Collaborators Must be Forced to Choose

Apartheid`s collaborators must be made to realise that they cannot defend racists and claim to be non-racist. They cannot support apartheid and preach freedom. They cannot exploit cheap labour in South Africa and continue to trade with Africa and the non-aligned countries. They cannot seek concessions and licences in countries supporting the liberation struggle and participate in the profits from apartheid. They cannot be involved in repression in South Africa and in development elsewhere. They cannot allow their arms and products to be used in aggression against South Africa`s neighbours and expect to be absolved from blame and accepted as friends.

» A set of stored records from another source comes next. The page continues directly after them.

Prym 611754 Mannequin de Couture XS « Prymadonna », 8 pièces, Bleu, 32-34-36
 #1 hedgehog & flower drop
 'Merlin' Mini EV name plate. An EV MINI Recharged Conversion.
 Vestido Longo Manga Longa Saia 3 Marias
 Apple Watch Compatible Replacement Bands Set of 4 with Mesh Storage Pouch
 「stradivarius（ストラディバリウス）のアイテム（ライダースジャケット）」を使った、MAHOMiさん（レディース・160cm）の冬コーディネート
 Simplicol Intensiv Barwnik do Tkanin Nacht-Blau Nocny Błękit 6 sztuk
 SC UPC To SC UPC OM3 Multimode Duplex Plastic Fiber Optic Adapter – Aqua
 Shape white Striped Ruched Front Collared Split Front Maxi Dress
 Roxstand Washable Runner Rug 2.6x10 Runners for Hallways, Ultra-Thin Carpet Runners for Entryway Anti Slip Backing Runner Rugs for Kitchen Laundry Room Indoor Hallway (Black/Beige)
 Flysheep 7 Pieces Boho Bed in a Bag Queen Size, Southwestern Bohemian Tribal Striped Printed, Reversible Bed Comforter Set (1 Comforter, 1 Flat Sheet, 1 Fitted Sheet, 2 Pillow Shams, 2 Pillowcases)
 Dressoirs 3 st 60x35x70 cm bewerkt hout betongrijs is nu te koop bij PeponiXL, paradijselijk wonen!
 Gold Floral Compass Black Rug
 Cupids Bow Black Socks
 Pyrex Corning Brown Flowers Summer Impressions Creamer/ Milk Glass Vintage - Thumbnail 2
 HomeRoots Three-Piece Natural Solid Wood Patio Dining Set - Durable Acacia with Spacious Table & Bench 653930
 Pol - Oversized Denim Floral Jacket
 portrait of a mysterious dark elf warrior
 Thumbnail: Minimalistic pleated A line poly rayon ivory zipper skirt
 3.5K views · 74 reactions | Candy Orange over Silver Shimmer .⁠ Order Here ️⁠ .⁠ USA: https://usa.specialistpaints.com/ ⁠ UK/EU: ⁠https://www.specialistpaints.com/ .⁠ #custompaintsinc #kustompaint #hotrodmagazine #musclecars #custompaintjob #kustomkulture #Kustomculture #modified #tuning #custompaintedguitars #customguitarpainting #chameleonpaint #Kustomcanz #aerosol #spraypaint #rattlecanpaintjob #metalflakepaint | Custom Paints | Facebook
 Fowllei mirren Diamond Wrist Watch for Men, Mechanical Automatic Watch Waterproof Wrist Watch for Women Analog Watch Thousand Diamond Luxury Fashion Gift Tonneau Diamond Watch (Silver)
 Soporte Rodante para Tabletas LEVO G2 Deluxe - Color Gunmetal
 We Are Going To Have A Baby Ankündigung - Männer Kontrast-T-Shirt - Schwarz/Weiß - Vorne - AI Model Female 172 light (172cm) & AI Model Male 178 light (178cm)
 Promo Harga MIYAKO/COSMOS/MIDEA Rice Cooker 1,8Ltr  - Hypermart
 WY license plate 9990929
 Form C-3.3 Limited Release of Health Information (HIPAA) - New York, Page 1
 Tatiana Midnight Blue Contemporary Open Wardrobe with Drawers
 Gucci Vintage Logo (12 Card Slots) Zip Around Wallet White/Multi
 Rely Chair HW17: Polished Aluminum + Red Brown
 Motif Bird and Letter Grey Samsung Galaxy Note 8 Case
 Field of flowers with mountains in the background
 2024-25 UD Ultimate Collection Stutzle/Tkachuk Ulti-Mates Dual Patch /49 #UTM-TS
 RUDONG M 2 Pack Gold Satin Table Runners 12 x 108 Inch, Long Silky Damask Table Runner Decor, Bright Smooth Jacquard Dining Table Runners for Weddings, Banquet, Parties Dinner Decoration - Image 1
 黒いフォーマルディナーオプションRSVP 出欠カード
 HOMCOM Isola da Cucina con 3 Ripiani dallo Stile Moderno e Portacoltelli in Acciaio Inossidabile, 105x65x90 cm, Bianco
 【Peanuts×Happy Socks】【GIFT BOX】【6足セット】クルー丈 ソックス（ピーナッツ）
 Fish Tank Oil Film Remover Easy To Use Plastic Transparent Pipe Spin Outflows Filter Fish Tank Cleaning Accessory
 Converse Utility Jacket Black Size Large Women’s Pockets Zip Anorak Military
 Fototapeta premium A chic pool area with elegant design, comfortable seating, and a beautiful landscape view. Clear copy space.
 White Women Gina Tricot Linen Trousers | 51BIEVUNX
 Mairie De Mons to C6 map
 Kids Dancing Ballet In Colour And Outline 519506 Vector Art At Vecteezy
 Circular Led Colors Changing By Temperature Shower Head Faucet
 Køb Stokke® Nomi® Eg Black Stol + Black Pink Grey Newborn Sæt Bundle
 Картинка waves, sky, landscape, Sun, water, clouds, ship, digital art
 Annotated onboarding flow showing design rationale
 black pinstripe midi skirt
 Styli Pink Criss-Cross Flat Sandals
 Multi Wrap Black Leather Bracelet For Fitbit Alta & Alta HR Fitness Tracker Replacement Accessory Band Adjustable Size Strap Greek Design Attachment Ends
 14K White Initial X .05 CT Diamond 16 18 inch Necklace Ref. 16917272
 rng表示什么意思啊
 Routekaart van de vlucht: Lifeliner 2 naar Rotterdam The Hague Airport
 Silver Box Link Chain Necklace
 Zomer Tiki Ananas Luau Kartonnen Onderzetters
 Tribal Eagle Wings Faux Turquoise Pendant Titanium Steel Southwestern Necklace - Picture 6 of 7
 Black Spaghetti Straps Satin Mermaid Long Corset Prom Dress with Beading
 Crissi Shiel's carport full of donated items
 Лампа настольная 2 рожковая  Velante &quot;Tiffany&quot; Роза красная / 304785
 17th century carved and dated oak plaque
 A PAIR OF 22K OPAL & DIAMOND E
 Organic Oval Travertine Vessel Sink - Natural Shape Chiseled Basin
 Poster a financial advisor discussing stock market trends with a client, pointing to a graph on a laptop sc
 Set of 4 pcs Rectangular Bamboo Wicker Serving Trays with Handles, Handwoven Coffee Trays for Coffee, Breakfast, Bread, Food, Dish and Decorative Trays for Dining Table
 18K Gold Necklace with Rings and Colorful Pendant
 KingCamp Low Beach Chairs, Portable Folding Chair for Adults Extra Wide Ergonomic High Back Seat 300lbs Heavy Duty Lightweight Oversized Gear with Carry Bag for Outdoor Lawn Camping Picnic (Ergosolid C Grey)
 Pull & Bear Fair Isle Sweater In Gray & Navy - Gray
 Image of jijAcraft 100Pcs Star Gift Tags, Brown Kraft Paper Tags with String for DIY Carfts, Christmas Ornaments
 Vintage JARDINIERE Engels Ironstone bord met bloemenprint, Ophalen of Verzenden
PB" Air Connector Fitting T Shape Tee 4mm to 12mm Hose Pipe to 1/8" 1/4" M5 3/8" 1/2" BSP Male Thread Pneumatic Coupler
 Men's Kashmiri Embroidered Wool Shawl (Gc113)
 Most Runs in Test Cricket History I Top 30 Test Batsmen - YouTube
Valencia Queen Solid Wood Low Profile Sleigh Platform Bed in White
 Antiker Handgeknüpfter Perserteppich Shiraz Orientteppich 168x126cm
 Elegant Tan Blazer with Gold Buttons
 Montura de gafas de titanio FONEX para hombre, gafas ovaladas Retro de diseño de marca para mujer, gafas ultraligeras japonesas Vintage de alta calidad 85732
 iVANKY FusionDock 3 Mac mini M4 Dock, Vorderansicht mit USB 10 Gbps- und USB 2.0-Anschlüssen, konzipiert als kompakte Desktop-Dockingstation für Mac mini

So I make this final appeal to all those who support the liberation struggle: put these choices before the collaborators. They must be forced to choose between links with apartheid and relations with the majority of the international community, between links with apartheid and links with Africa. Collaboration must be made unprofitable, and it will cease.

I have made these appeals on behalf of the oppressed people of Namibia and South Africa, and all the peoples in the war zones of southern Africa. But this is not a selfish appeal. The establishment of the United Nations stemmed from the desire to bring an end to wars, to stop aggression, to eradicate racism. Collective security is of concern not only to the nations of southern Africa but to all peoples and countries, and sanctions are the primary means available to that end.

Action under Chapter VII is the ultimate peaceful sanction provided for in the United Nations Charter. If sanctions are not imposed on so blatant an offender and so persistent a violator of the Charter as apartheid South Africa, then the efforts of the international community towards a peaceful resolution of international problems will have proved an exercise in futility.

Finally, Mr. President, we pledge the solidarity and support of the ANC and the fighting people of South Africa to SWAPO, the PLO and all peoples fighting against fascism, racism, and imperialism. We gratefully acknowledge the support of the governments and peoples of southern Africa, and the OAU, as well as that of progressive countries, organisations and peoples throughout the world. We reiterate our pledge to rid humanity of the scourge of racism and apartheid-colonial domination in South Africa.

Victory is Certain! 1 The International Conference was organised by the United Nations, in cooperation with the Organisation of African Unity, at UNESCO House, Paris. Mr. Salim Ahmed Salim, Foreign Minister of the United Republic of Tanzania, was President of the Conference.

2 M. François Mitterand, leader of the Socialist Party, was elected President of France in May 1981

3 On April 30, 1981, France, the United Kingdom and the United States vetoed four draft resolutions introduced in the United Nations Security Council, following recommendations of the General Assembly on the question of Namibia, calling for sanctions against South Africa.